↓↓↓

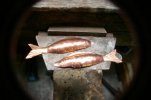Minnow 021.jpg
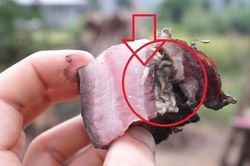 Món ăn kinh dị lúc nhúc giòi của Phillipines khiến thực khách 'khóc thét'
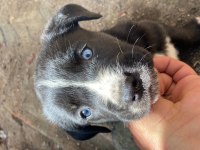 Kurt ve cane corso kırması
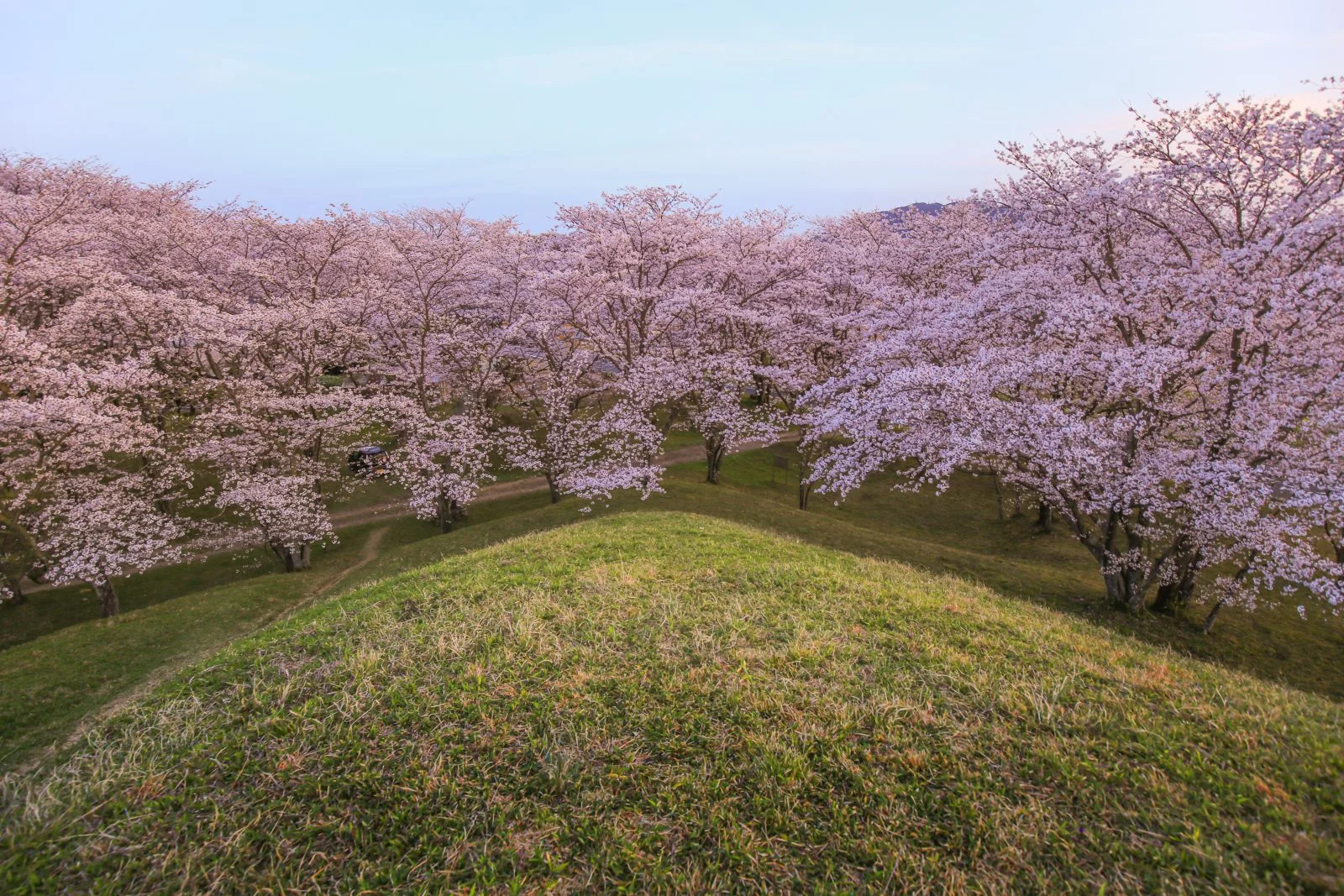 無料壁紙 桜並木と古墳。PCとデスクトップ壁紙に最適な4K高画質の無料壁紙。三重県津市の明合古墳で撮影したフリー写真素材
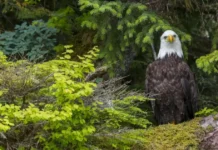 Как новый лес размером с материк помогает спасать климат от выбросов kak novyj les razmerom s materik pomogaet spasat klimat ot vybrosov-news-blog-ru-0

↑↑↑

- _WHAT YOU WILL DO_: Retype the whole listing, keeping every line identical and omitting all pictures.

- _TASK OUTPUT_:
Minnow 021.jpg
 Món ăn kinh dị lúc nhúc giòi của Phillipines khiến thực khách 'khóc thét'
 Kurt ve cane corso kırması
 無料壁紙 桜並木と古墳。PCとデスクトップ壁紙に最適な4K高画質の無料壁紙。三重県津市の明合古墳で撮影したフリー写真素材
 Как новый лес размером с материк помогает спасать климат от выбросов kak novyj les razmerom s materik pomogaet spasat klimat ot vybrosov-news-blog-ru-0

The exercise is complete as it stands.